Baby’s First Cake, Saved the Party for Later

Benji turned one last week.  Poor kid got about two tiny handfuls of his cake and Ellie and I ate the rest.  Well, she ate the frosting.  I ate my piece, and her pieces minus the frosting.  Did I just finish off an entire two layer chocolate cake with chocolate frosting by MYSELF?  For the most part, yes.  Yum.
Regrets?  None.  That cake was GOOD.

Did I feel a twinge of guilt at all the sugar and white flour I put in?  Only in passing.  I’ve been playing around with Stevia - substituting 1/3 cup sugar for that seemed to work out well.  I could try doing half white and half whole wheat like I do the bread I throw in the bread maker from time to time.  I’m all for making it healthier as long as it still tastes great.  
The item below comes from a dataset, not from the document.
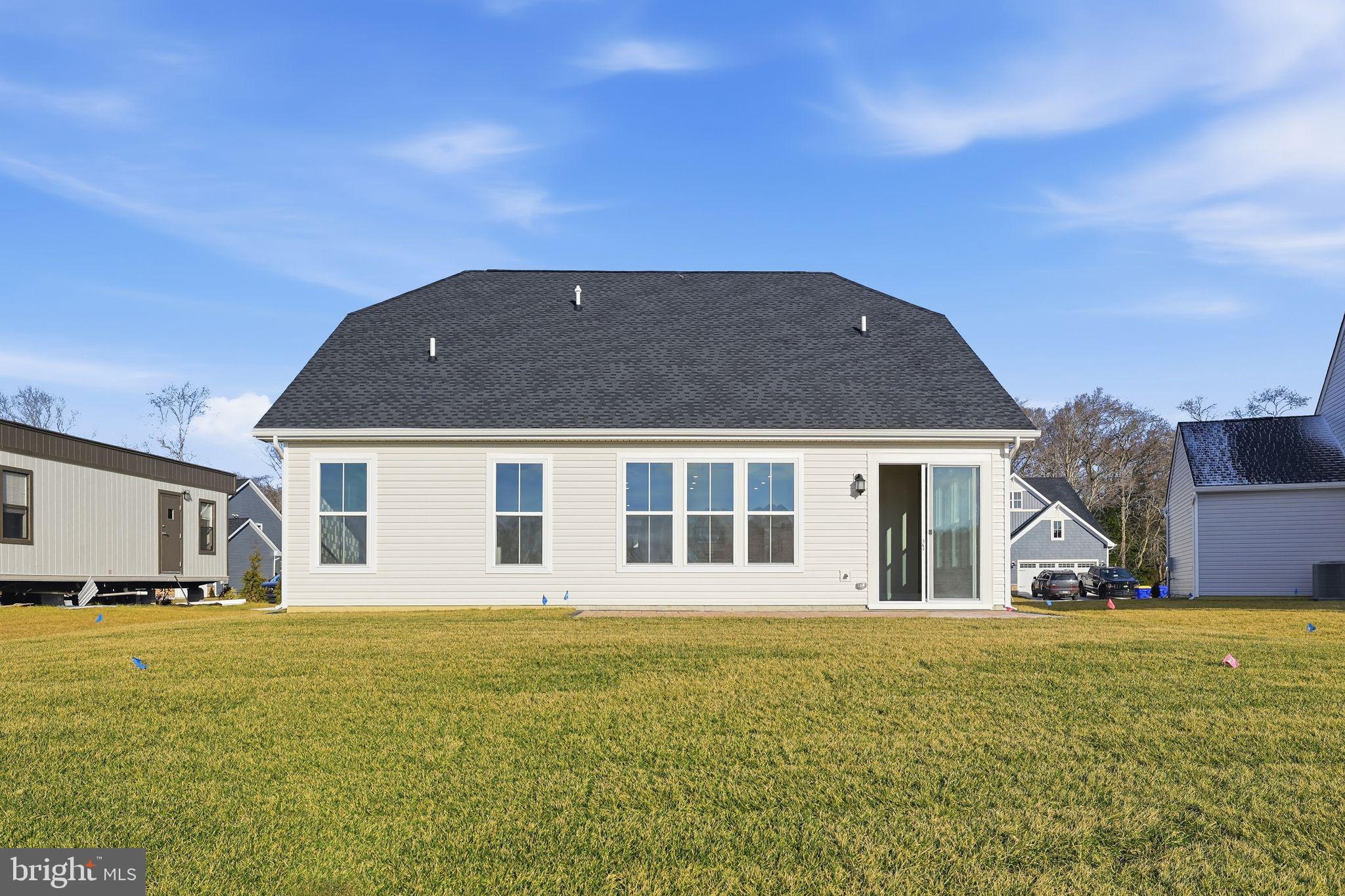 BRIDGEWATER - Residential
I have not found a reliable substitute for the icing sugar I use to make the frosting.  I will keep my eyes peeled and let you know.  I think there’s got to be some middle ground between the full white sugar/flour recipes I grew up with and the nasty granola-gluten-oil-free cardboard the ‘good’ parents are expecting at a birthday party. 

Just FYI there were none of THOSE parents at his party.  Because I didn’t have a party.  

That’s right.  I brought his home-made cake to a friends house for a Thanksgiving dinner we had planned.  I even totally blew it and couldn’t find balloons I had hidden from Ellie (so well they’re lost forever) so the host graciously went out to the nearest grocery store and got some for me.

Am I vying for bad mom of the year?  Maybe.  I just think that at 12 months this kid’s friends are my friends.  He doesn’t want, need, nor will he remember a big ‘tah-do’.  As it was the over stimulation of the (two) balloons, the (two) presents and the cake was enough to tip him screaming and crying into baby-rage land where he stayed for several sad but entertaining minutes.  

And I was not bummed.  Or embarrassed.  He acted exactly how a 12 month old could be expected to act.  I didn’t expect him to take it all in stride.  I can’t imagine why anyone would.

As a result his birthday was fun (chocolate cake for the first time!) low key (he’s screaming but since he’s not the center of attention it quickly calms down) and since I’m not busy hosting other people, I can sit down with him and play with his two new toys.

Which is to say, hang out on the floor while he rips apart the wrapping paper and works to open and close the box it came in.  Then moves on to play with the curtain strings.

Regrets?  None.  That ‘party’ was perfect.

Saturday, November 18, 2017

Don't Throw Away Your Vision Board. Yet. Add Some Action!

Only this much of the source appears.